Diese Programme spiegeln auf der einen Seite zwar deutlich unsere Prioritäten wieder und zeigen eine klare Linie auf – sie sind aber natürlich nicht die einzigen Investitionen, die wir tätig: Wir haben einen Wohnungsneubaufonds von 320 Millionen aufgelegt, investieren in das neue Berliner Stadtwerk sowie den Zukunftsstandort Tegel und und und…

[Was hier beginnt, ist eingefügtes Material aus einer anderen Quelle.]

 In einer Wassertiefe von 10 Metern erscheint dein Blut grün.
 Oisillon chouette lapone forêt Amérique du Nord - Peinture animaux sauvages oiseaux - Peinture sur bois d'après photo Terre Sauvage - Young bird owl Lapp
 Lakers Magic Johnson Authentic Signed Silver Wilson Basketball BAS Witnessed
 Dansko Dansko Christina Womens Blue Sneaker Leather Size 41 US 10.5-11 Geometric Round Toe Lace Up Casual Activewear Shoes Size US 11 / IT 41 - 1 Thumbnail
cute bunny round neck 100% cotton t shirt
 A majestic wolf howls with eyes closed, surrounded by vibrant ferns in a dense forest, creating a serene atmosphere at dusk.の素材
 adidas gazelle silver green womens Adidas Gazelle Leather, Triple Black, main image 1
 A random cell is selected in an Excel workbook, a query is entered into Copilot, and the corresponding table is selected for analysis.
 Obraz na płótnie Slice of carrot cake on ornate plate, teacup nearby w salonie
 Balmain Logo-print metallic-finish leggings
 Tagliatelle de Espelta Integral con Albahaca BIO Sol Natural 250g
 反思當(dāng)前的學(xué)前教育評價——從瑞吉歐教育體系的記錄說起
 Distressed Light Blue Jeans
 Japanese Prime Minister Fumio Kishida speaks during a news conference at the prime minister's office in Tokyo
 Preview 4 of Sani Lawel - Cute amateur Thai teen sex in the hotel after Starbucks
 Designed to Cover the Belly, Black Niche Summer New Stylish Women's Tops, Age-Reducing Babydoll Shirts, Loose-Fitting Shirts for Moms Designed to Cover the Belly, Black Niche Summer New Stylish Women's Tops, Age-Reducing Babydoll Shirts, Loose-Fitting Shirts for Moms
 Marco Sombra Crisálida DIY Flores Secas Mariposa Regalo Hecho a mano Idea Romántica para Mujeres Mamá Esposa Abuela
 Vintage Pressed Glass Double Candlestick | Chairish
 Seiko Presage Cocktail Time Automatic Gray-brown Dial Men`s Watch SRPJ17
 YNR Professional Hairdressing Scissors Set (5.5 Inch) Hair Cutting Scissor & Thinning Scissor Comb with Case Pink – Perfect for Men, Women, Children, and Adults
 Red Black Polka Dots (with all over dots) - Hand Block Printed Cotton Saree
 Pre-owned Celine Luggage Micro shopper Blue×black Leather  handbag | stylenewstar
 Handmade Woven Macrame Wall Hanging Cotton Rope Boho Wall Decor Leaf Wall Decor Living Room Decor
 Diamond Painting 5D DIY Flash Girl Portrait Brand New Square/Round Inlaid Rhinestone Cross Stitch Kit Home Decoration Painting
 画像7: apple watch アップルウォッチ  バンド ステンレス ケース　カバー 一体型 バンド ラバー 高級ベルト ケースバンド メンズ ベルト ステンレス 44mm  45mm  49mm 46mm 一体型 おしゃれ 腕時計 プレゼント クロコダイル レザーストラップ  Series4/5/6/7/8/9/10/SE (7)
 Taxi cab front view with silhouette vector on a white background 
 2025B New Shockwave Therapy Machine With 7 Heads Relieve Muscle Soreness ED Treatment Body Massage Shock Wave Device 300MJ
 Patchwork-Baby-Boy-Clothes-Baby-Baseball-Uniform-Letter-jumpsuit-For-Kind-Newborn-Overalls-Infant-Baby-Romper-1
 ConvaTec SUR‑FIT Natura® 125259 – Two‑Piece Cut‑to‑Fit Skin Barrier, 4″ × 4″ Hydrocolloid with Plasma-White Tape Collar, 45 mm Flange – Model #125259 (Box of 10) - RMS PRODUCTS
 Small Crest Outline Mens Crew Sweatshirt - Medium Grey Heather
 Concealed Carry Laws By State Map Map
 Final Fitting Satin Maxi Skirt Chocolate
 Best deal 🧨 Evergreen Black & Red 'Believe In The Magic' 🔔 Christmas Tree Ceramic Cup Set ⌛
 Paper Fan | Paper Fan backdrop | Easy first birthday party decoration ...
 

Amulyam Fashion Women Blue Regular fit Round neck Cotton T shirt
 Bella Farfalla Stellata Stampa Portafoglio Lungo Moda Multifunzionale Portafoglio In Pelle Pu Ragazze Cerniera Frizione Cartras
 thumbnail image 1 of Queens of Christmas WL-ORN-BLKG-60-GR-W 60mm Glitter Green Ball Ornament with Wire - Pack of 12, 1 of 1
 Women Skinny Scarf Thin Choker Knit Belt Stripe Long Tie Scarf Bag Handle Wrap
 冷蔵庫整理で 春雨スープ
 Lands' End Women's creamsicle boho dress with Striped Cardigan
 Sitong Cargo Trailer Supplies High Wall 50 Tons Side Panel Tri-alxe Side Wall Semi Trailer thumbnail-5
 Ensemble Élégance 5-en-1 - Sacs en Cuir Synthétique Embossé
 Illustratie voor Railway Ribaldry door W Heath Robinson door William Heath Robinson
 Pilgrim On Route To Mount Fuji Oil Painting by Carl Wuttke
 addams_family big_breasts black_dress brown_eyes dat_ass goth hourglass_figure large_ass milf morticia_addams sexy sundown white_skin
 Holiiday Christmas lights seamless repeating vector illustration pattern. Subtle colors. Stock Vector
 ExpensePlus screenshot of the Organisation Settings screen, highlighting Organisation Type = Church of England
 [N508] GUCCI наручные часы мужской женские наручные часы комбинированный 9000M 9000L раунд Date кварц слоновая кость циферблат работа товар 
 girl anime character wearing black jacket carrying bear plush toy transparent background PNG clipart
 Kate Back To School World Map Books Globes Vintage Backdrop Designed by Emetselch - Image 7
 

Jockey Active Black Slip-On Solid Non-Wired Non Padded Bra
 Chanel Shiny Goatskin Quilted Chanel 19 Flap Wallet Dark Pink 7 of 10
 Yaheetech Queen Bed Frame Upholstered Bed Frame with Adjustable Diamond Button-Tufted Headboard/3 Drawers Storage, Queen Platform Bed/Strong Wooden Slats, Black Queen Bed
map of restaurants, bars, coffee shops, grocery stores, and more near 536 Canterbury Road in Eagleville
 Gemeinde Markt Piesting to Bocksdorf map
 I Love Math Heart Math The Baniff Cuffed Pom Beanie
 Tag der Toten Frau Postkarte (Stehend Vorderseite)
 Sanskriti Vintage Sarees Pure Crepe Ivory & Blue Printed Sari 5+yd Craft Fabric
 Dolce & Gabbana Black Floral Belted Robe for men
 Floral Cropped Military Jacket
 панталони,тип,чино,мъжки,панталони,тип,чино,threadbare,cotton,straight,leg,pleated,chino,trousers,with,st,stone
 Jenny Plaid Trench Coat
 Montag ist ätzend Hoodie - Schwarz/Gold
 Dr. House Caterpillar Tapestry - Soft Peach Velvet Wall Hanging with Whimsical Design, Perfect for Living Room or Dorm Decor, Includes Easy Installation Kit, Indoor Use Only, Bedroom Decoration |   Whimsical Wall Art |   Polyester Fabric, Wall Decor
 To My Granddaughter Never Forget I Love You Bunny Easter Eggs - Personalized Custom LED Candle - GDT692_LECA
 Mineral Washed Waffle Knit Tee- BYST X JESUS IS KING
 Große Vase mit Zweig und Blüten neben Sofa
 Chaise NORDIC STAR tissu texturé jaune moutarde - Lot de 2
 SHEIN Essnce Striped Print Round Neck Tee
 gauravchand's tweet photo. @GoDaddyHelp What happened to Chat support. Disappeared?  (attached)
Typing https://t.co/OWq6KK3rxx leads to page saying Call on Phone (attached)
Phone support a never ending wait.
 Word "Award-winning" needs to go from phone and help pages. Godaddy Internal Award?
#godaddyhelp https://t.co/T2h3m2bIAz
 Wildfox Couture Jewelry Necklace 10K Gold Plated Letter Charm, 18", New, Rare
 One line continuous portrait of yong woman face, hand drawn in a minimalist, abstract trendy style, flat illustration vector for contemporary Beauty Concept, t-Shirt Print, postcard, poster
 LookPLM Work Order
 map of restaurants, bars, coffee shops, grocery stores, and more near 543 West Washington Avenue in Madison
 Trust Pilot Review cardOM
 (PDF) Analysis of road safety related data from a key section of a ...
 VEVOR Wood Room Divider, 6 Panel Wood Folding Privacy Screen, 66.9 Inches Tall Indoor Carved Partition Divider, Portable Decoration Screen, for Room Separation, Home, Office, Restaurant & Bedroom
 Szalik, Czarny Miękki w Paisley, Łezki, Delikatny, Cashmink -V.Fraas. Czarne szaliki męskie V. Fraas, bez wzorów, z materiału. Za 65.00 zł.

Darüber hinaus gibt es auch noch die ganz regulären Investitionsmittel des Landes und der Bezirke. Ich kann hier an dieser Stelle nicht alle aufzählen, möchte aber ein paar Beispiele aus dem Bezirk Pankow für die Finanzplanung 2015-2019 nennen: So erhalten hier beispielsweise zahlreiche Schulen einen Ergänzungsneubau, um die wachsende Zahl an Kindern im Bezirk aufnehmen zu können. Andere erhalten neue, dringend benötigte Turnhallen. Insgesamt sind dies in den Jahren 2015-2019 alleine in Pankow im Einzelplan Schul- und Sportamt über 125 Millionen Euro. Für Investitionen in Straßen und Grünflächen wird der Bezirk in diesem Zeitraum über 21 Millionen zur Verfügung stellen usw.

Es sollte deutlich geworden sein: Die Zeiten, in denen die Stadt nur von ihrer Substanz gelebt hat, sind endgültig vorbei. Die wachsende Stadt wird uns allerdings noch viele Hausaufgaben stellen, ausruhe können wir uns nicht.